What was the point of my education when all I'm doing is wiping butts day after day?
Anyone could clean a house. Yet why do I find it so difficult to keep it clean?
I'm too smart to pick up after people who speak in grunts all day long.
I should be spending my time and energy doing something about the injustices of the world, rather than reading story books to a few privileged children.
Jen hits at the crux of the issue with this sentence.
I've found rest and peace in the knowledge that what God wants first and foremost is that I simply, lovingly fulfill the basic duties he's set in front of me as a wife and a mother.
The key to being happy in our roles is to trust that what we are doing matters. But that means understanding life from a perspective that isn't found much in modern culture. It's the idea that relationships matter more than accomplishments. That serving others is an act of love. That people are more important than things or tasks. At the end of our lives what will matter is how well we loved God and each other.
Jen also had this to say.
Too often I've insisted on forcing through my plans for holiness at the expense of my duties -- and almost every time all those big plans end up fizzling in front of me, leaving me in a worse place than where I started. Yet on the occasions that I've managed to be obedient to my duties first, it's been stunning to see how God has opened one unlikely door after another to allow me to fulfill those desires within the constraints of my vocation.In my experience it is the same with whatever I am seeking; happiness, peace, fulfillment, contentment. The path toward those good things lies through embracing and submitting myself joyfully to the duties I have before me and doing it with all my heart. The more I squirm and try to wriggle around them, the more miserable I become.

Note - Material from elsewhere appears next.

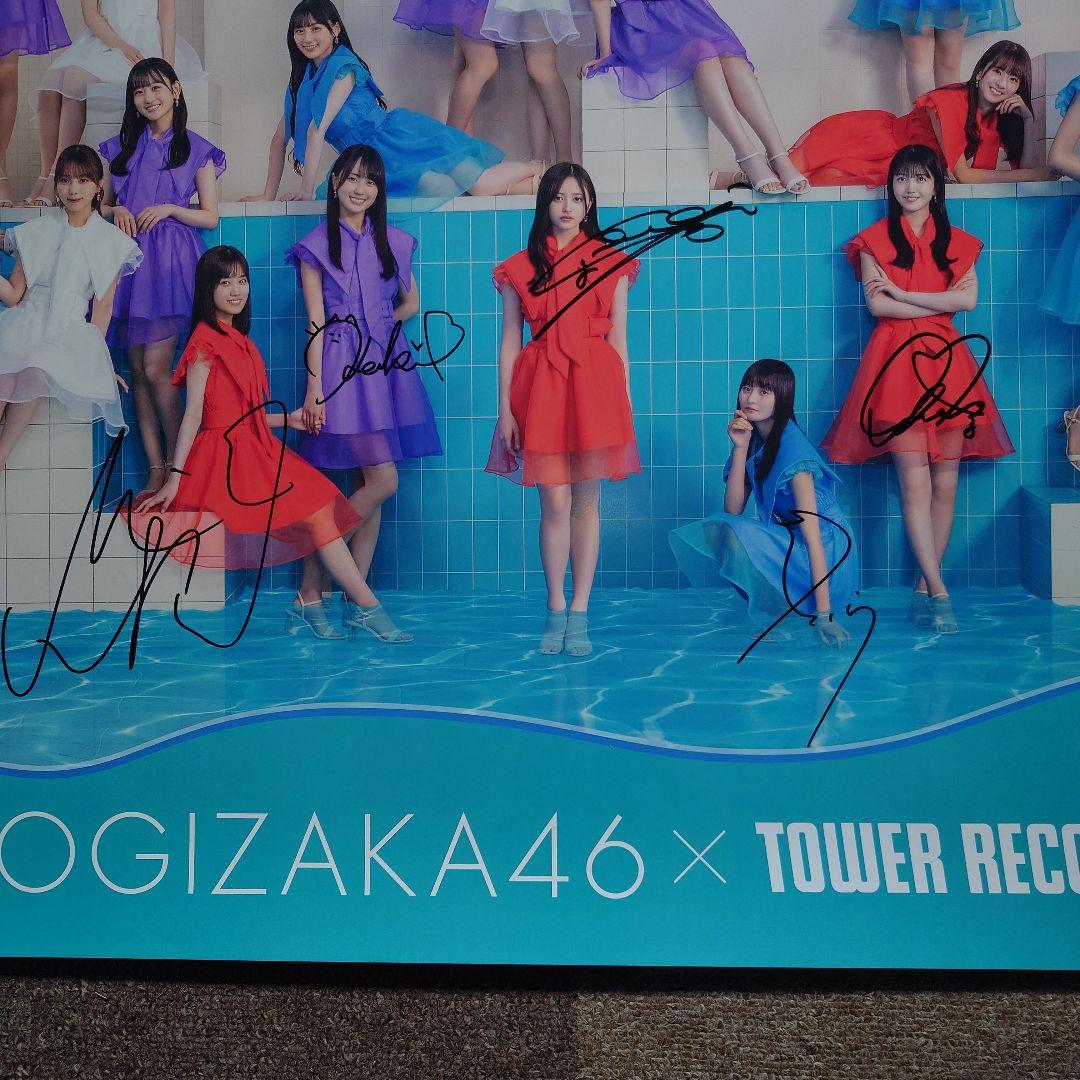 乃木坂46 おひとり様天国 メンバー5名 直筆サイン入りポスター タワーレコード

Faithfulness is the path through, and gratitude, I think, is the path to finding joy in those things that we have previously resented. If we can make a beginning in these two things, with the grace of God, the rest will follow.
to clarify: I'm not advocating working and serving to the point of neglecting one's own needs and health. I'm talking about balance, but that's for another post. Most often we are out of balance in the opposite direction I think.